= WHAT TO DO =
Your answer should be the lines of the listing that contain the word "Chief".

= AVAILABLE RECORDS =
● ● ● ● ● ● ●

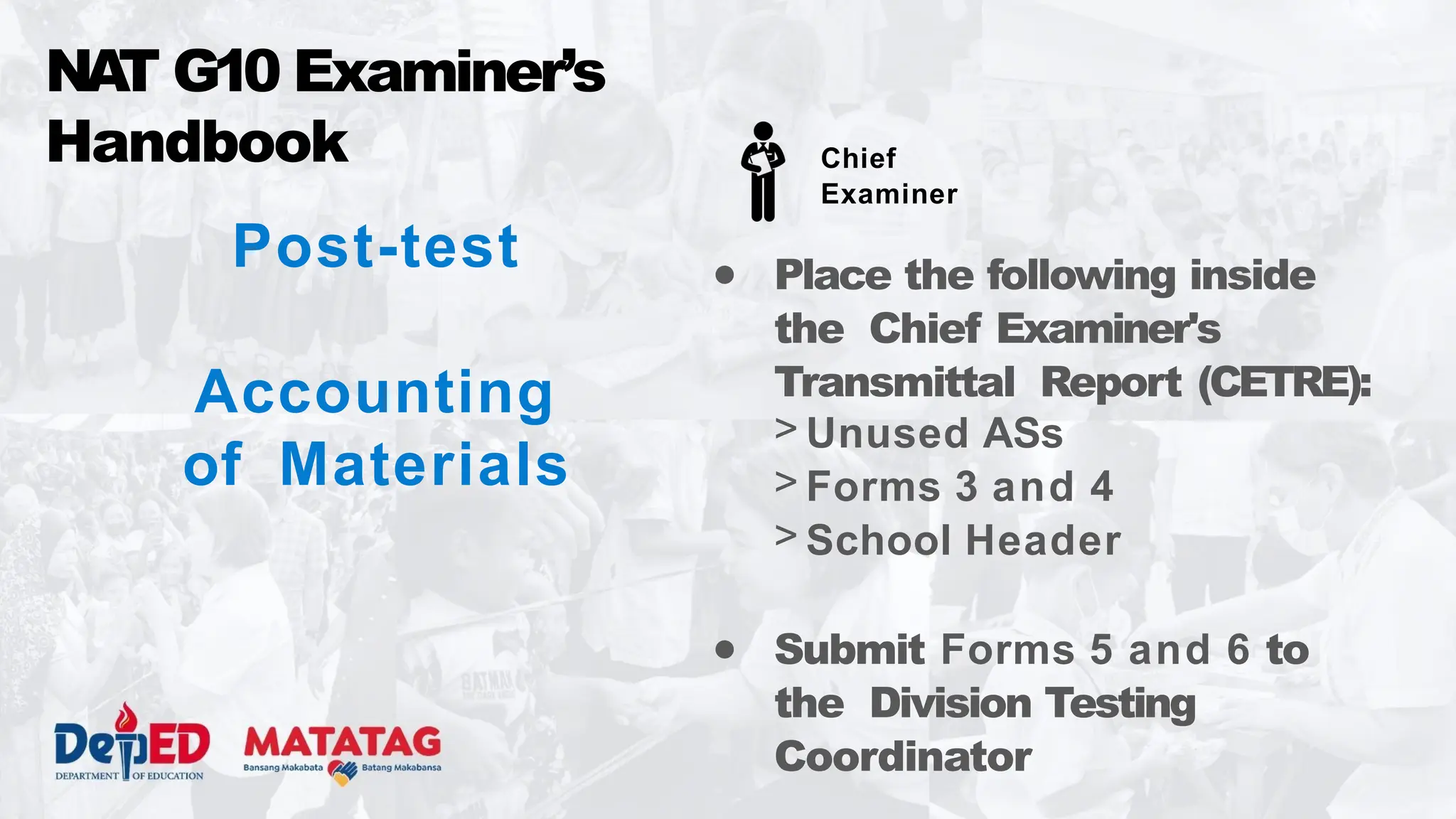 Post-test
Accounting
of Materials
● Place the following inside
the Chief Examiner's
Transmittal Report (CETRE):
> Unused ASs
> Forms 3 and 4
> School Header
● Submit Forms 5 and 6 to
the Division Testing
Coordinator
NA
T G10 Examiner’s
Handbook Chief
Examiner
 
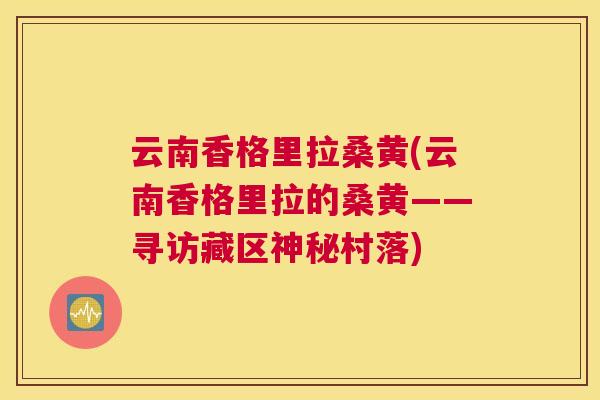 云南香格里拉桑黄(云南香格里拉的桑黄——寻访藏区神秘村落) 云南香格里拉桑黄(云南香格里拉的桑黄——寻访藏区神秘村落)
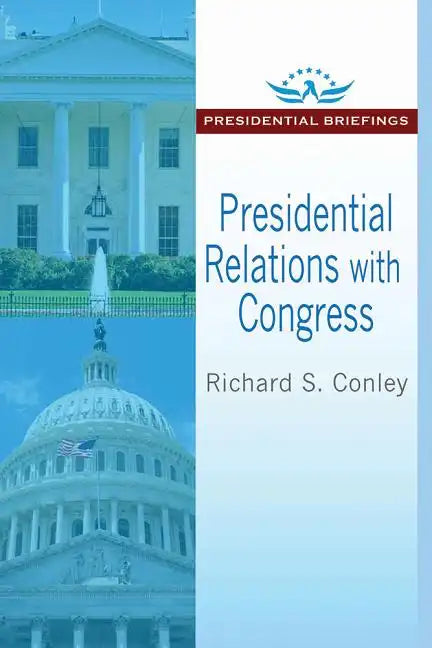 Presidential Relations with Congress - Paperback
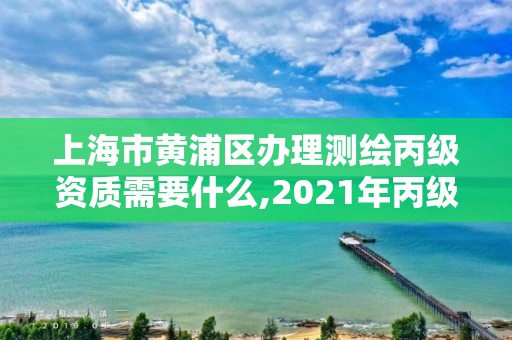 上海市黄浦区办理测绘丙级资质需要什么,2021年丙级测绘资质申请需要什么条件。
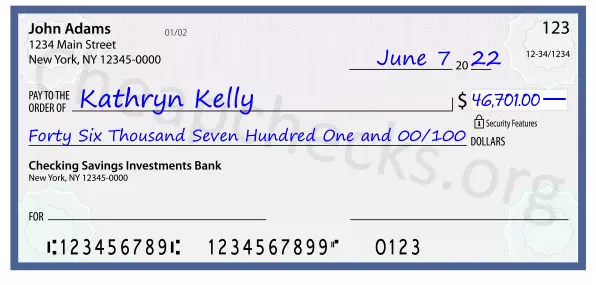 Forty Six Thousand Seven Hundred One and 00/100 filled out on a check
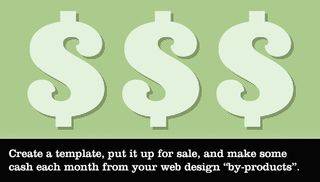 Create a template, put it up for sale, and make some cash each month from your web design "by-products"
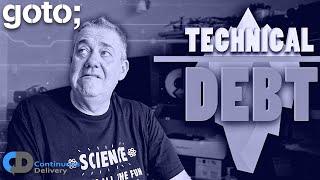 Types Of Technical Debt & How To Manage Them • Dave Farley • GOTO 2024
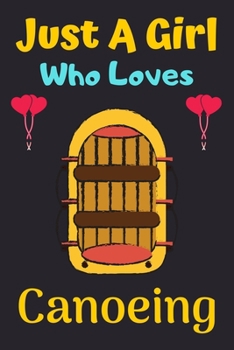 Just A Girl Who Loves Canoeing: A Super Cute Canoeing notebook journal or dairy gift for girls || Canoeing lovers Lined Notebook Journal (6"x 9")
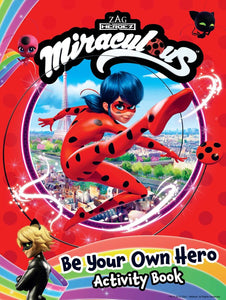 Miraculous: Be Your Own Hero Activity Book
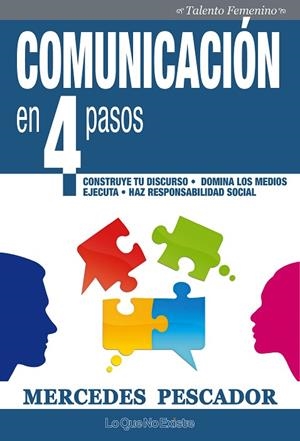 COMUNICACIÓN EN CUATRO PASOS | 9788494505966 | PESCADOR MARTÍN, MERCEDES | Llibreria La Gralla | Librería online de Granollers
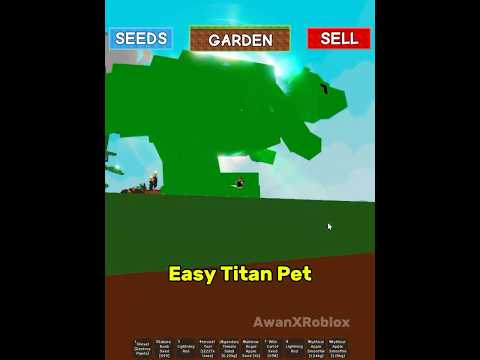 Easy Titan Pet Roblox Growagarden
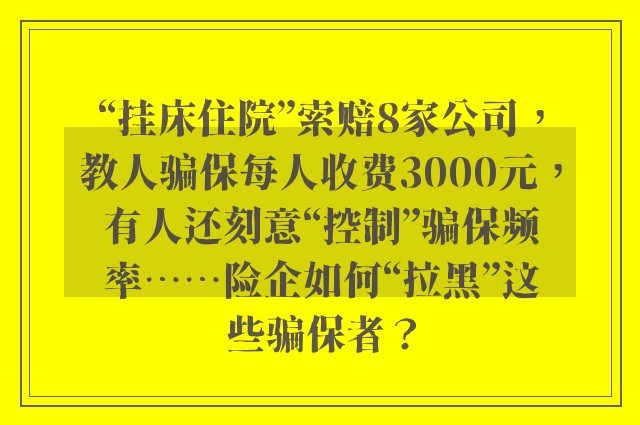 “挂床住院”索赔8家公司，教人骗保每人收费3000元，有人还刻意“控制”骗保频率⋯⋯险企如何“拉黑”这些骗保者？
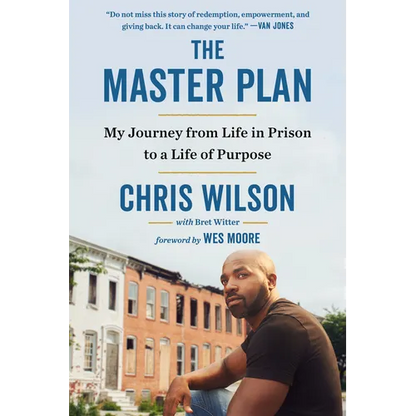 The Master Plan: My Journey from Life in Prison to a Life of Purpose - Paperback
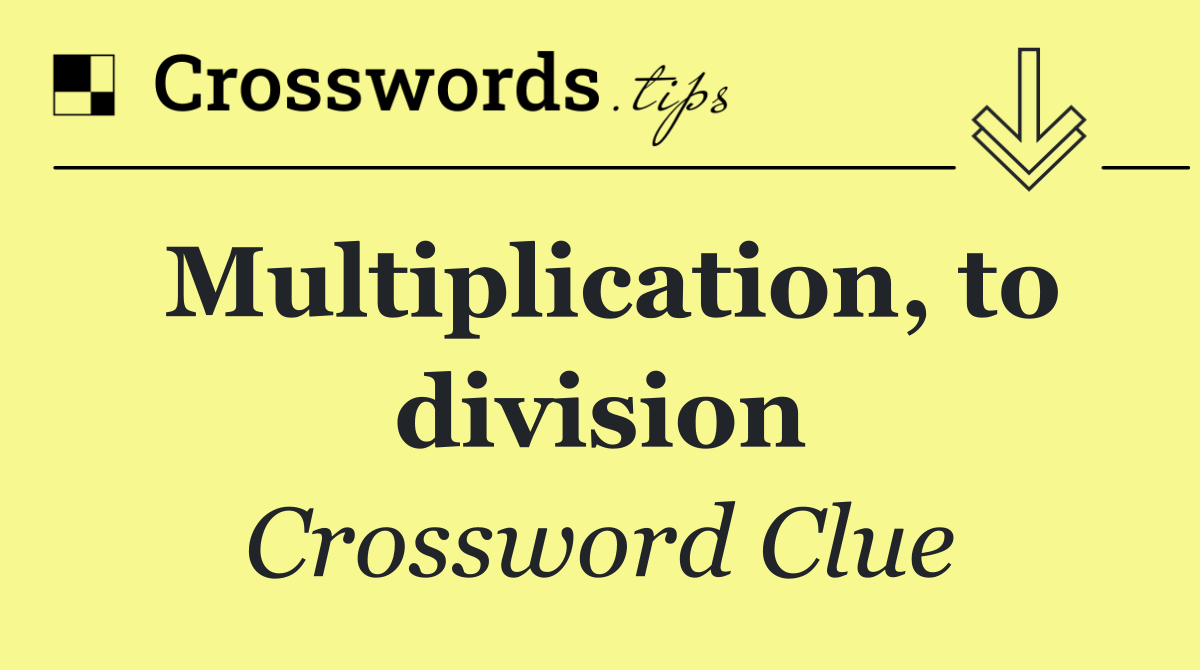 Multiplication, to division
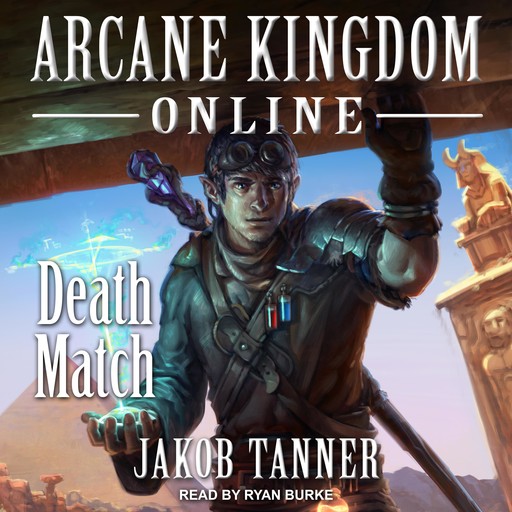 Arcane Kingdom Online: Death Match, Jakob Tanner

● ● ● ● ● ● ●

= SOLUTION TO THE PROBLEM =
the Chief Examiner's
Handbook Chief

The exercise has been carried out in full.